Ernest Masuku

Personal information
- Born: 31 December 1992 (age 33) Harare, Zimbabwe
- Batting: Right-handed
- Bowling: Right-arm medium
- Role: Bowler

International information
- National side: Zimbabwe;
- Only ODI (cap 163): 31 August 2025 v Sri Lanka

Domestic team information
- 2017–present: Tuskers

Career statistics
| Competition | FC | LA | T20 |
| Matches | 48 | 53 | 29 |
| Runs scored | 771 | 342 | 154 |
| Batting average | 12.85 | 10.36 | 10.26 |
| 100s/50s | 0/4 | 0/1 | 0/0 |
| Top score | 67 | 67 | 17 |
| Balls bowled | 6,673 | 2,256 | 540 |
| Wickets | 160 | 89 | 30 |
| Bowling average | 27.56 | 23.48 | 26.53 |
| 5 wickets in innings | 6 | 5 | 0 |
| 10 wickets in match | 0 | 0 | 0 |
| Best bowling | 6/91 | 7/35 | 3/12 |
| Catches/stumpings | 23/– | 14/– | 4/– |
- Source: Cricinfo, 31 August 2025

= Ernest Masuku =

Zimbabwean cricketer (born 1992)

Ernest Masuku (born 31 December 1992) is a Zimbabwean cricketer. He made his first-class debut for Matabeleland Tuskers in the 2016–17 Logan Cup on 17 May 2017. He made his List A debut for Matabeleland Tuskers in the 2016–17 Pro50 Championship on 25 May 2017.

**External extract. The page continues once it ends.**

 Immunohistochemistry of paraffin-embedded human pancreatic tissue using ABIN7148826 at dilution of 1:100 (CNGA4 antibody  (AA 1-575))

He was the leading wicket-taker in the 2017–18 Logan Cup, with 32 dismissals in seven matches. In June 2018, he was named in a Zimbabwe Select team for warm-up fixtures ahead of the 2018 Zimbabwe Tri-Nation Series. He made his Twenty20 debut for Matabeleland Tuskers in the 2018–19 Stanbic Bank 20 Series on 11 March 2019. In December 2020, he was selected to play for the Tuskers in the 2020–21 Logan Cup. He was the leading wicket-taker in the 2021–22 Logan Cup, with 38 dismissals in eight matches.

In May 2022, Masuku was named in Zimbabwe's Twenty20 International (T20I) squad for their five-match home series against Namibia.